Data section below:

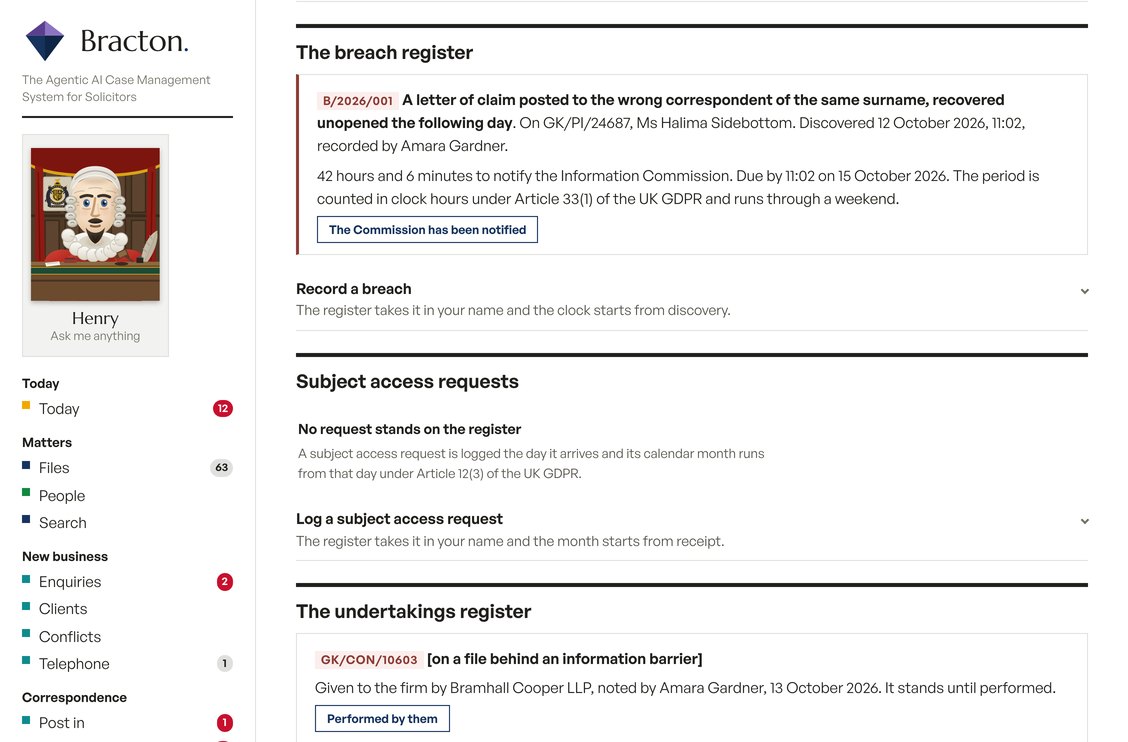 The breach register with one entry open, a letter of claim posted to the wrong correspondent, the hours left to notify the Information Commission counted under Article 33(1) of the UK GDPR, and the identity checks waiting on an answer beneath it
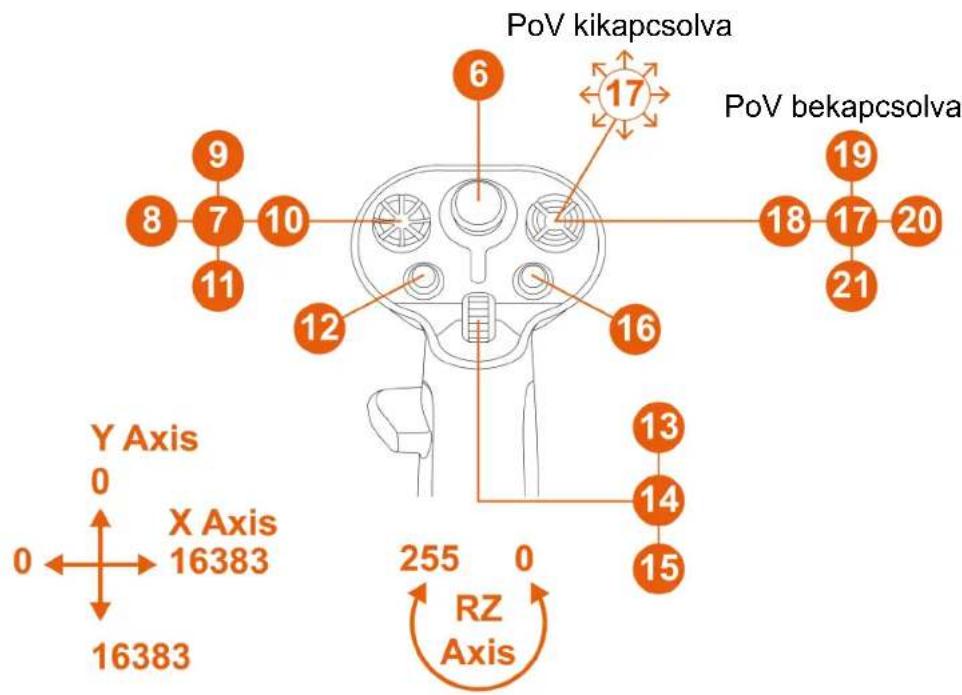 THRUSTMASTER Sol-R 3 AVA Grip Add-On - Jobbkezes mód AVA\* alappal - 2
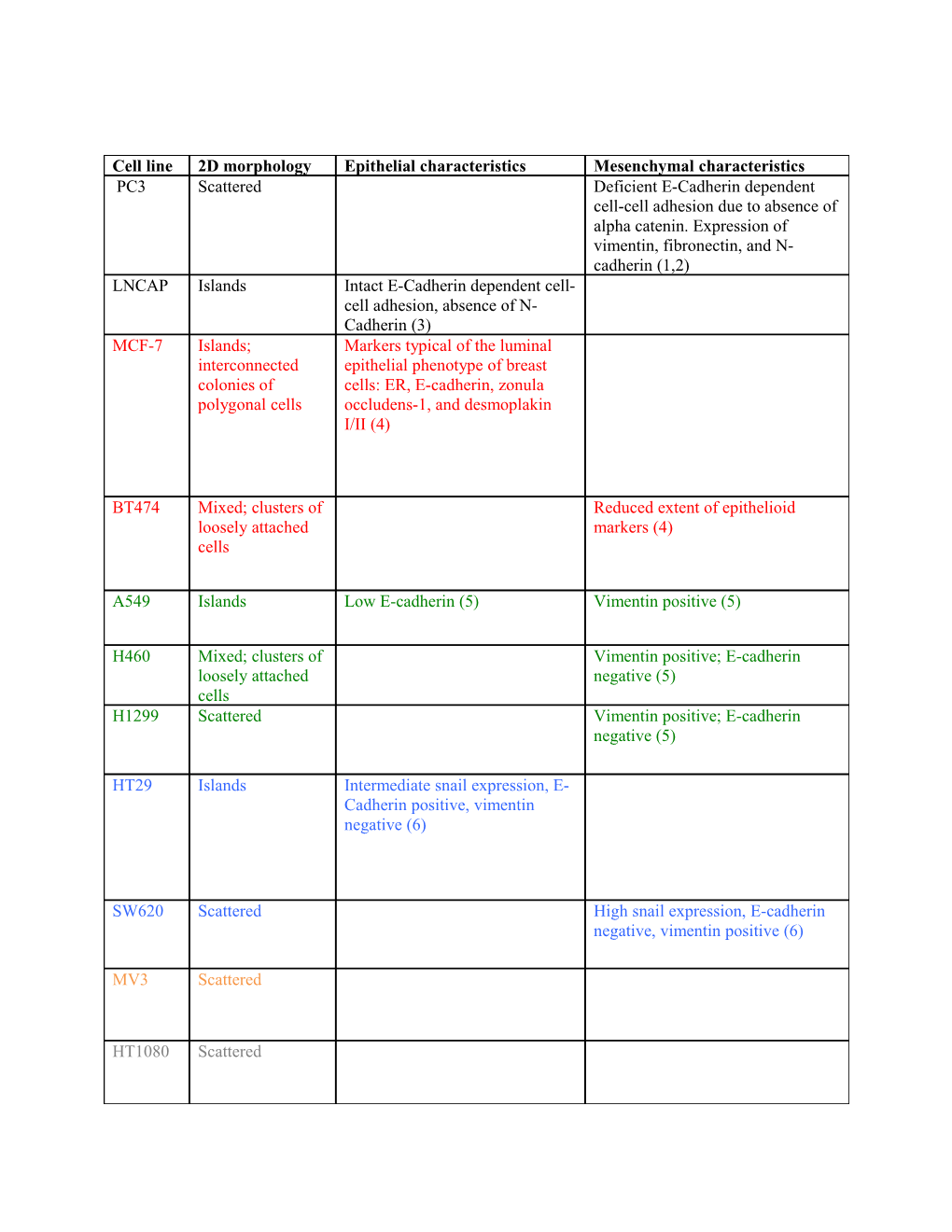 Supplementary Reference List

End of Data section.

### What you have to do
For this exercise, retype the listing above word for word and omit the pictures.

### Solution
 The breach register with one entry open, a letter of claim posted to the wrong correspondent, the hours left to notify the Information Commission counted under Article 33(1) of the UK GDPR, and the identity checks waiting on an answer beneath it
 THRUSTMASTER Sol-R 3 AVA Grip Add-On - Jobbkezes mód AVA\* alappal - 2
 Supplementary Reference List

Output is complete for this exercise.